The talk will include 4K HD video and images demonstrating up-to-date science and biology of the Peregrine Falcon and all 19 (up for debate) sub-species..

Modern technology (inertial measurement units built by RS) and analyses of breathing, bone structure and eyesight have been used to study the flights, particularly stooping hunts, which have made Peregrines famous as arguably the fastest creature on the planet. The physics of flight and stooping speed is rigorously assessed using basic scientific principles, and a detailed analysis of eye biology, together with observational empirical evidence, allows the authors to suggest greater Peregrine visual acuity than has previously been claimed by the scientific community.

Dr. Richard Sale is an Astrophysicist and author, having co-authored several books on raptors including the Poyser ‘The Gyrfalcon’ and ‘The Snowy Owl’. He has also co-authored self-published books on ‘Steller’s Sea Eagle’, and ‘The Eurasian Hobby’. He wrote the New Naturalist title ‘Falcons’ and authored the self-published ‘The Common Kestrel’ and ‘The Merlin’.  He was awarded the ‘US Wildlife Society Book of the Year’ in 2006, 2019 and 2021.

Steve Watson is a retired Chartered Accountant who has conducted a 40-year study into the Peregrine Falcons at Symonds Yat and is a Trustee of the Gloucestershire Raptor Monitoring Group CIO, Raptor Aid CIO and a committee member of South West Peregrines. He produces and fronts presentations on Peregrines and Goshawks for RSPB groups, BTO and Wildlife organisations throughout the UK.

 

Monday 27 March 

Robert Prŷs-Jones –  Wallace’s Sarawak bird collections and the development of his ornithological knowledge

Abstract: The integration of information from the diaries/notebooks of important 19th-century ornithologists with that from their specimens and accompanying labels can provide intriguing insight into the development of their interest in, and knowledge of, avifaunas. Two key examples, involving major collections now largely held by the Natural History Museum at Tring, comprise Allan Octavian Hume (see Prŷs-Jones 2022. Arch Nat. Hist. 49(2): 391-407) and Alfred Russel Wallace, the subject of this talk. Although already a highly experienced collector of South American fauna, Wallace had no first-hand knowledge of the South-east Asian fauna when he arrived there for an eight-year visit in 1854. From early November 1854 to January 1856, he was based in Sarawak, and this talk aims to integrate information from his specimen labels and his field notebook listing of “Birds collected in Borneo” to unravel how his skill in identifying the birds he collected there increased over time.

Biography: Robert Prŷs-Jones is now a Scientific Associate of the Natural History Museum (NHM), having been in charge of its bird collections in Tring for nearly 25 years, from 1992 to 2016. After studying for a D.Phil. at the Edward Grey Institute, Oxford, he worked on a diversity of ornithological research on Aldabra in the Seychelles, Dominica in the West Indies and in Australia, before taking up a lectureship at the Percy FitzPatrick Institute, University of Cape Town, South Africa.

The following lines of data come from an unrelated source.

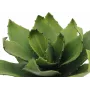 EUROPALMS agáve umelá rastlina, EVA, zelená, 35 cm 82530576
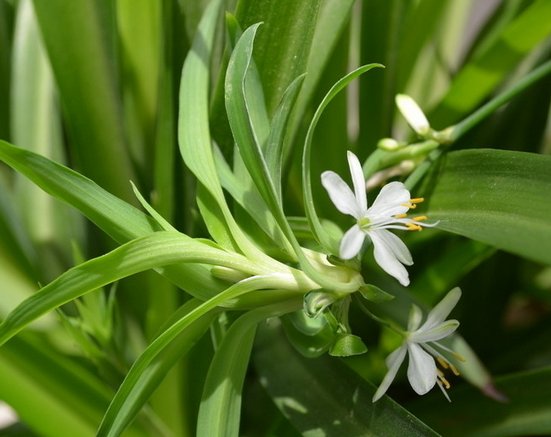 家里:家里最受欢迎的几种植物,简单易养活,放在客厅净化空气不占地方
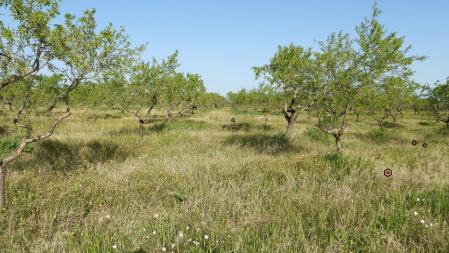 Solución al Reto visual de las amapolas, que aparecen señalizadas.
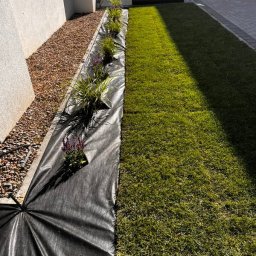 NAK SOLUTIONS SPÓŁKA Z OGRANICZONĄ ODPOWIEDZIALNOŚCIĄ - Fragment ogrodu w trakcie tworzenia: rozłożona czarna agrowłóknina, świeżo posadzone rośliny, trawnik i kamienna rabata wzdłuż ściany budynku.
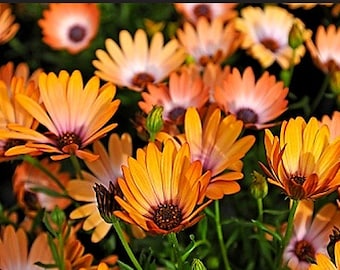 Heirloom African Daisy Seeds Flower Garden Organic Wildflower Seed Cape Marigold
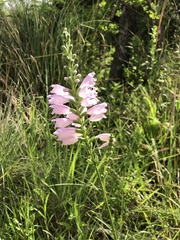 Physostegia angustifolia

Returning to the U.K., he was in charge of the British Trust for Ornithology’s estuarine bird research from 1987 to 1992, prior to assuming his post in the NHM. His ornithological career has been spent learning “a little about a lot”, though he now has a particular interest attempting to “add value” to the historic NHM bird collections through close study of the specimens in combination with wider relevant data associated with them.